This top pick stock is somewhat off the radar for most energy investors. Keane Group Inc. (NYSE: FRAC) is one of the largest pure-play pressure pumping companies in the United States, with the bulk of its revenue derived from its hydraulic fracturing and wireline businesses. It operates solely in the United States, with a presence in many of the major shale basins. Revenues in 2017 totaled $1.53 billion.
The Jefferies team likes the stock as it has slightly underperformed its peers and may be offering a solid value at current levels. Late last year the company announced a new asset-based revolving credit facility, which expands Keane’s total availability by $150 million to a total of $300 million, subject to a borrowing base.

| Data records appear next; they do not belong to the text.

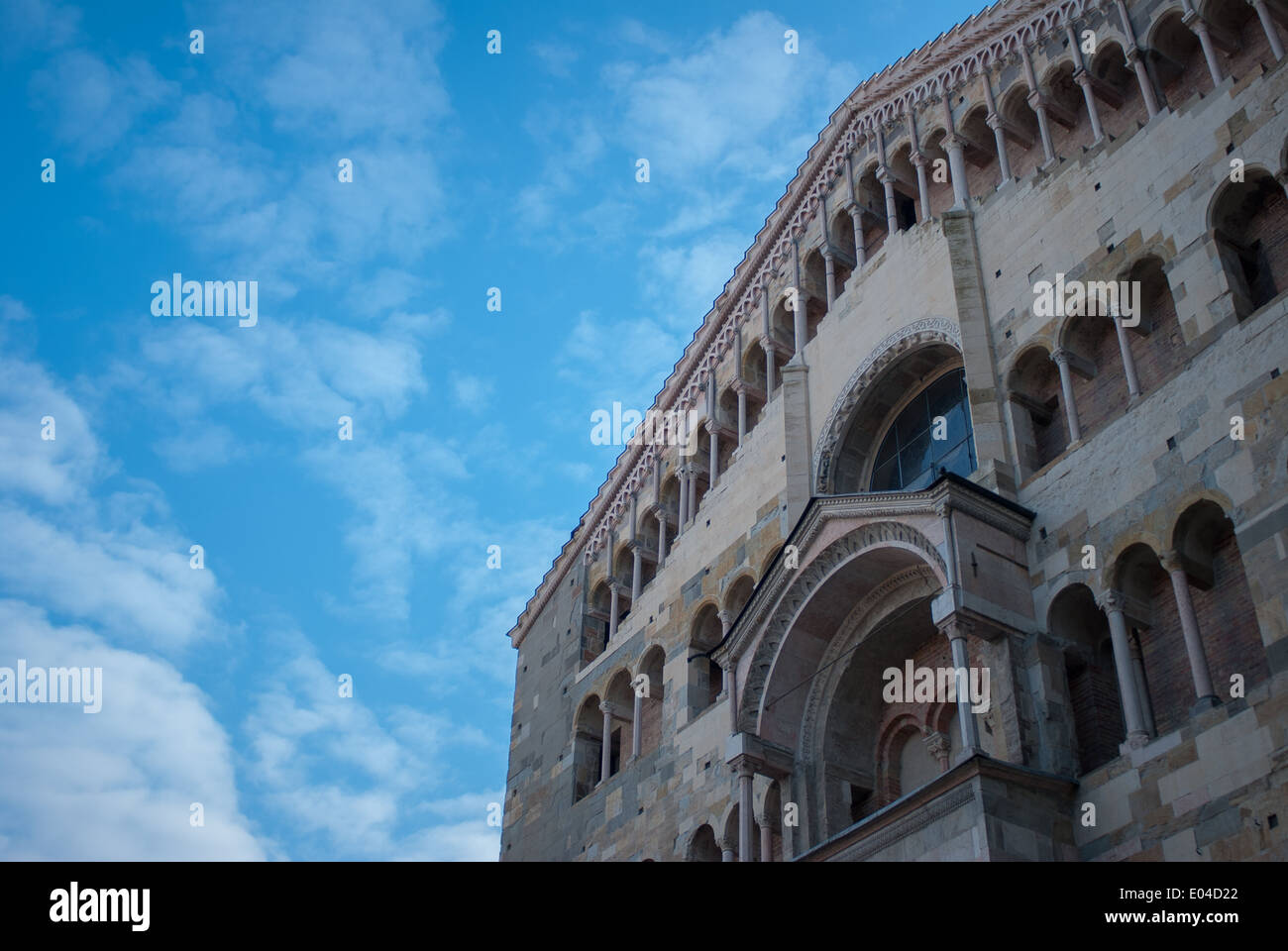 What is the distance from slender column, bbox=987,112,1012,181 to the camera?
67.4 ft

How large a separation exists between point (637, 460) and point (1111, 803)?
15221 mm

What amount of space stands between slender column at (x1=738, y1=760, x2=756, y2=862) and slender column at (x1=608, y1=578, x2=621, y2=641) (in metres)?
7.44

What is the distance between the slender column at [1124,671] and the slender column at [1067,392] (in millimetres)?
2508

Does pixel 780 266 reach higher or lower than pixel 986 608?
higher

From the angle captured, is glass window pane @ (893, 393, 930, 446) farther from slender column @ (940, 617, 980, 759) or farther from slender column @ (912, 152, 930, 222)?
slender column @ (940, 617, 980, 759)

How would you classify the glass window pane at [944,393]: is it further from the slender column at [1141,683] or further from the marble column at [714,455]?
the slender column at [1141,683]

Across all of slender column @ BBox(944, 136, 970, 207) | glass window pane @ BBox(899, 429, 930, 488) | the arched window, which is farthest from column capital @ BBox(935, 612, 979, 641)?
slender column @ BBox(944, 136, 970, 207)

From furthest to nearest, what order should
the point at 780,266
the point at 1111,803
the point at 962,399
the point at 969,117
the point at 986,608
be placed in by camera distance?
the point at 780,266
the point at 969,117
the point at 962,399
the point at 986,608
the point at 1111,803

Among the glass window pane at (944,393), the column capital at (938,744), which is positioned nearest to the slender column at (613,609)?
the glass window pane at (944,393)

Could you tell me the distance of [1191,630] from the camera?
14117 mm

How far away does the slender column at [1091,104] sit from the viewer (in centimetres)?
1888

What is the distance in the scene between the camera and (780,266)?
25.7m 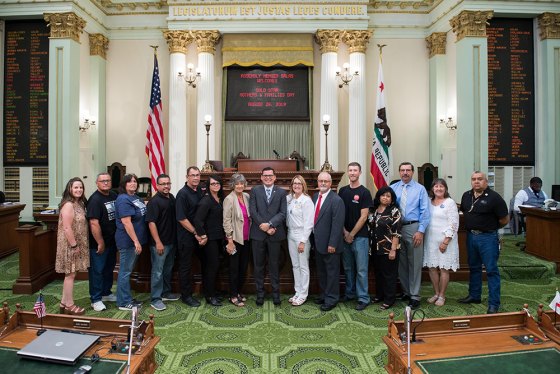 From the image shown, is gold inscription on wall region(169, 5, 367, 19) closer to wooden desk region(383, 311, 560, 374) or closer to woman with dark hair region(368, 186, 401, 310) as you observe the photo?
woman with dark hair region(368, 186, 401, 310)

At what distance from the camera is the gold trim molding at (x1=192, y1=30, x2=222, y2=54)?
10.6 metres

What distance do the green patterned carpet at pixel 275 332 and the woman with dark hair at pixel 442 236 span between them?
52 cm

In addition, subject to approval by the applicable lenders and other customary conditions, the New ABL Facility allows for an increase in commitments of up to an additional $150 million, up from a previous amount of up to $75 million.
The $24 Jefferies price target compares with the $22 consensus target price. The shares closed trading on Friday at $15.91 apiece.
Canada’s leading oilfield services firm provides contract drilling, well servicing and strategic support services to its customers. Precision Drilling Corp. (NYSE: PDS) provides customers with access to an extensive fleet of contract drilling rigs, directional drilling services, well service and snubbing rigs, coil tubing services, camps, rental equipment and water treatment units backed by a comprehensive mix of technical support services and skilled, experienced personnel.
Despite the company’s large Canadian exposure, 54% of its U.S. drilling fleet is located in the Permian Basin, which remains the hottest shale area in the United States. This stock may be a top pick for aggressive accounts looking for low-priced stocks to gain more shares.
Jefferies has set its price objective at $4.50. The consensus target is $4.44, and the stock closed on Friday at $2.84 per share.
This stock has been absolutely smoked but has awesome upside potential. U.S. Silica Holdings Inc. (NYSE: SLCA) is a leading producer of commercial silica used in the oil and gas industry and in a wide range of industrial applications. Over its 117-year history, it has developed core competencies in mining, processing, logistics and materials science that enable it to produce and cost-effectively deliver over 200 products to the firm’s customers across all end markets.
The company currently operates nine industrial sand production plants and eight oil and gas sand production plants. With the price of oil stabilizing, many of the short-sellers that targeted the frac sand companies may be starting to cover their positions. Toss in increased shale activity this year and this could be a big winner.
U.S. Silica shareholders are paid a 0.98% distribution. The Jefferies price target is a whopping $58. The posted consensus target is $43.98, and the stock closed at $26.25 per share on Friday.
These five top oilfield services plays not only look like solid picks but they are good value buys for the rest of 2018. With earnings reports for the first quarter not all that far away, it makes sense to buy partial positions and see how the results come in.